---------- Data extract ----------

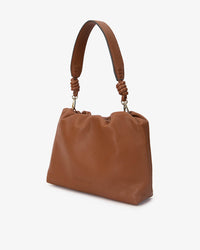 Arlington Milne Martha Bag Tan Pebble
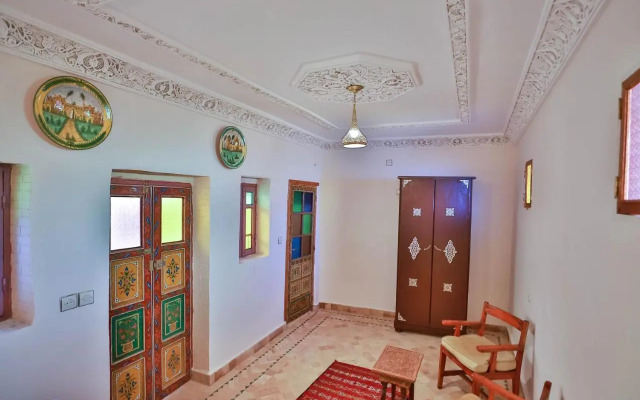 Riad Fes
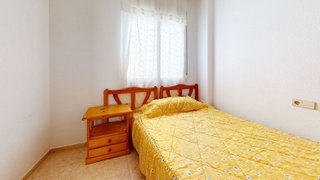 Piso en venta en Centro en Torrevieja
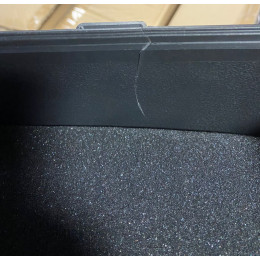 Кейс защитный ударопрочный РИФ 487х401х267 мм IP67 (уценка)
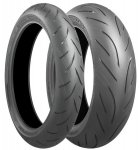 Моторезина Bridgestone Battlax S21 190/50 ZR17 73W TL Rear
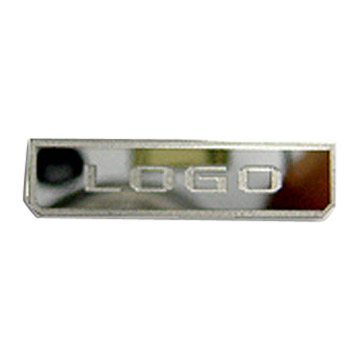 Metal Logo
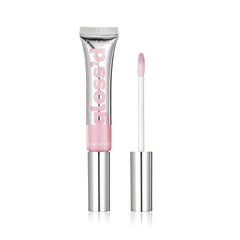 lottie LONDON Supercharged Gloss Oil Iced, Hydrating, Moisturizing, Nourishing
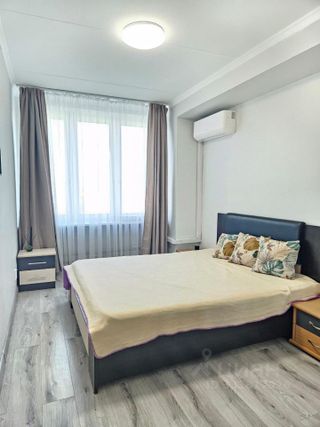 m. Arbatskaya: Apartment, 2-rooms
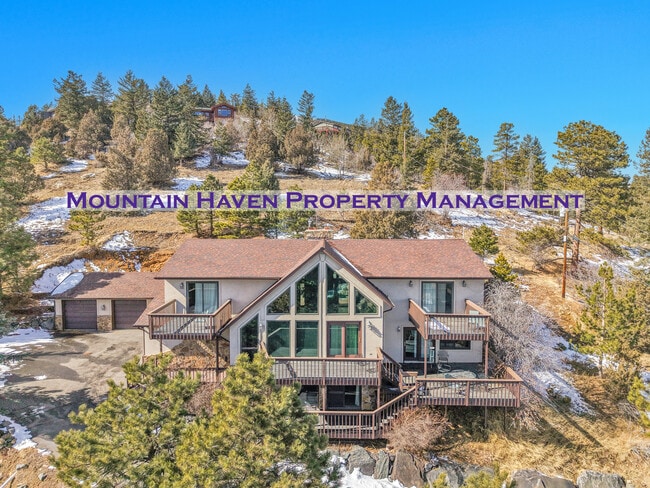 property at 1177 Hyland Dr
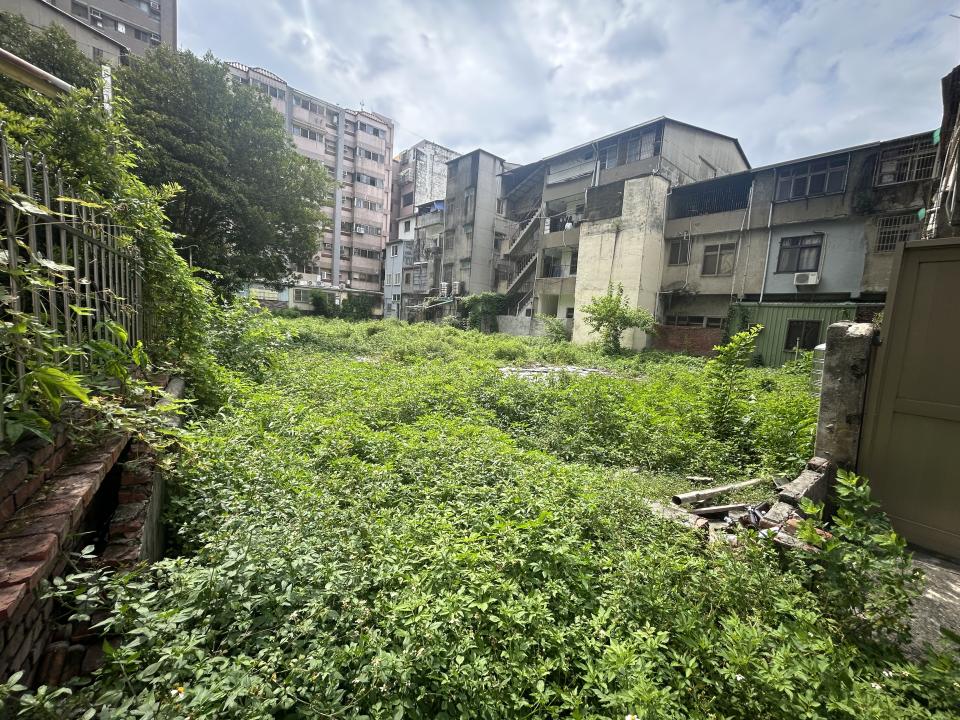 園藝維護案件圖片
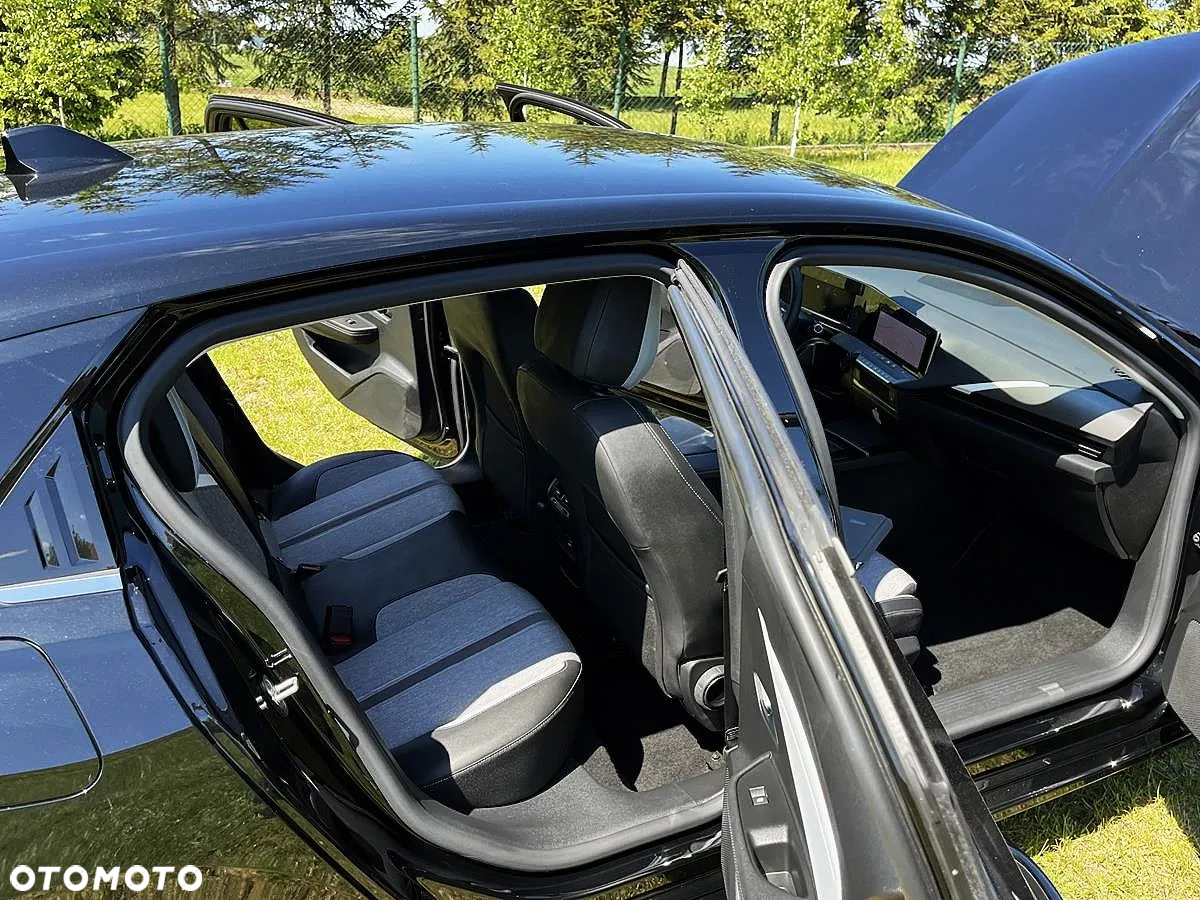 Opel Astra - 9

----------

— Requirement —
Transcribe each entry above character for character, omitting pictures.

— Expected answer —
 Arlington Milne Martha Bag Tan Pebble
 Riad Fes
 Piso en venta en Centro en Torrevieja
 Кейс защитный ударопрочный РИФ 487х401х267 мм IP67 (уценка)
 Моторезина Bridgestone Battlax S21 190/50 ZR17 73W TL Rear
 Metal Logo
 lottie LONDON Supercharged Gloss Oil Iced, Hydrating, Moisturizing, Nourishing
 m. Arbatskaya: Apartment, 2-rooms
 property at 1177 Hyland Dr
 園藝維護案件圖片
 Opel Astra - 9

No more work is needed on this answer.